It's awkward to try to be gracious when you receive a gift that isn't exactly what you want. We've all been in that situation: the necklace or necktie you know you'll never want to wear, the tasty treat that gives you indigestion, the vase or desk accessory in someone else's (bad) taste. But what if the giver is POTUS?
This was the position the gay community found themselves in at the beginning of June when President Obama announced: "I... do hereby proclaim [1] June 2009 as Lesbian, Gay, Bisexual, and Transgender Pride Month. I call upon the people of the United States to turn back discrimination and prejudice everywhere it exists."
What a lovely idea! Of course we should end discrimination and prejudice everywhere it exists. The strange thing is, there is still discrimination right within what might be called Obama's own organization. Members of the armed services who are willing to actually die for the equality guaranteed by our Constitution can still be dismissed merely for admitting their sexuality.
Before 1993, being gay in the armed forces usually meant a dishonorable discharge, criminal sanctions, and denial of benefits. In the case of at least one naval officer, it meant brutal death at the hands of a shipmate. "Don't ask, don't tell," a policy put into place by President Clinton, was actually seen as progress, because for the first time, homosexuals were officially allowed to serve in the military... as long as they didn't tell anybody they were gay.

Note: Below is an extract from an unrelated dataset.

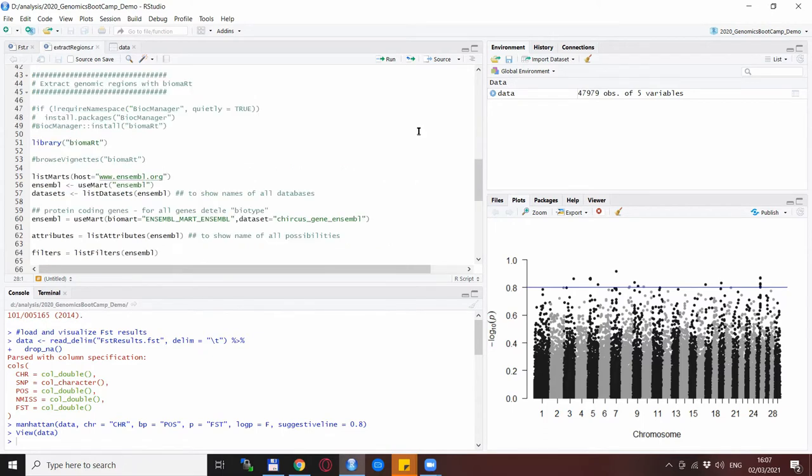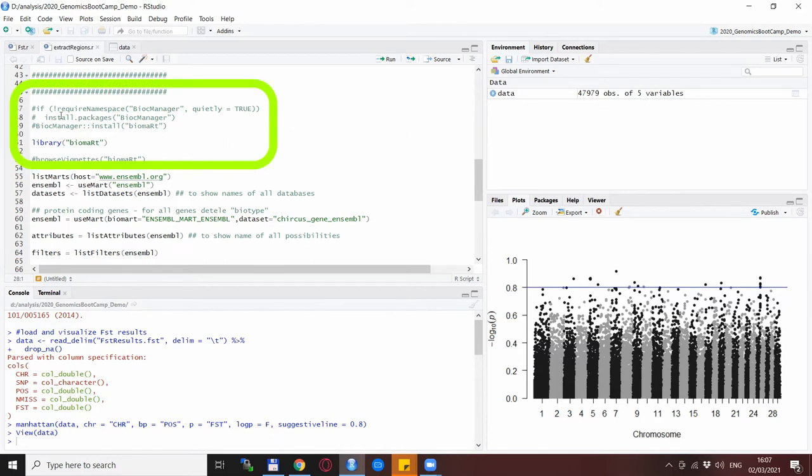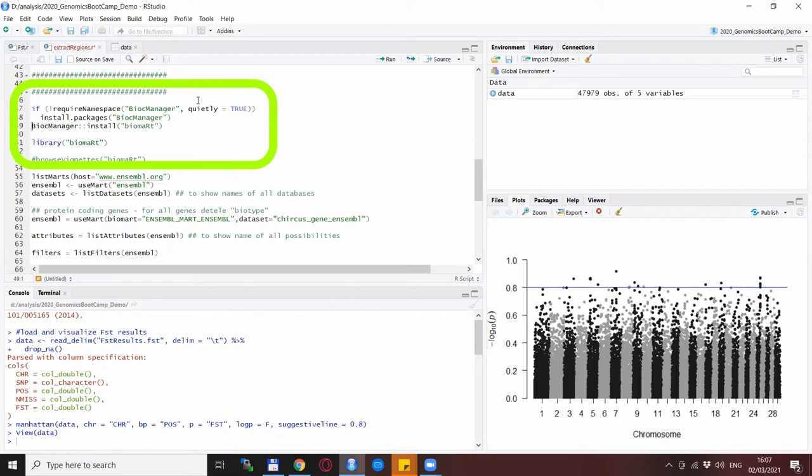We follow up with the Biomart software itself. You need to install this. I have it already installed so I already have this one commented out but it has a bit of a specific installation system so this is how you install it when you use it for the first time.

As early as 1957 (but yet another secret until 1976) a Navy study, generally referred to as the Crittenden Report [2], concluded that, "There is no correlation between homosexuality and ability or attainments." As for security risk, the report revealed that sometimes heterosexual relations were "more of a security threat than homosexual conduct."
Thirty years after that initial report, a 1988 report (later published as Gays in Uniform: The Pentagon's Secret Reports [3]) confirmed earlier findings: "Having a same-gender or an opposite-gender orientation is unrelated to job performance in the same way as being left- or right-handed."
In spite of this clear determination, reliable, useful, dedicated service personnel continue to be dismissed not for being gay per se, but for speaking their truth.
In his June 1 address, Pres. Obama went on to say that, "The LGBT rights movement has achieved great progress, but there is more work to be done." It would have been a great step forward if some of that work had been accomplished in "Gay Pride Month."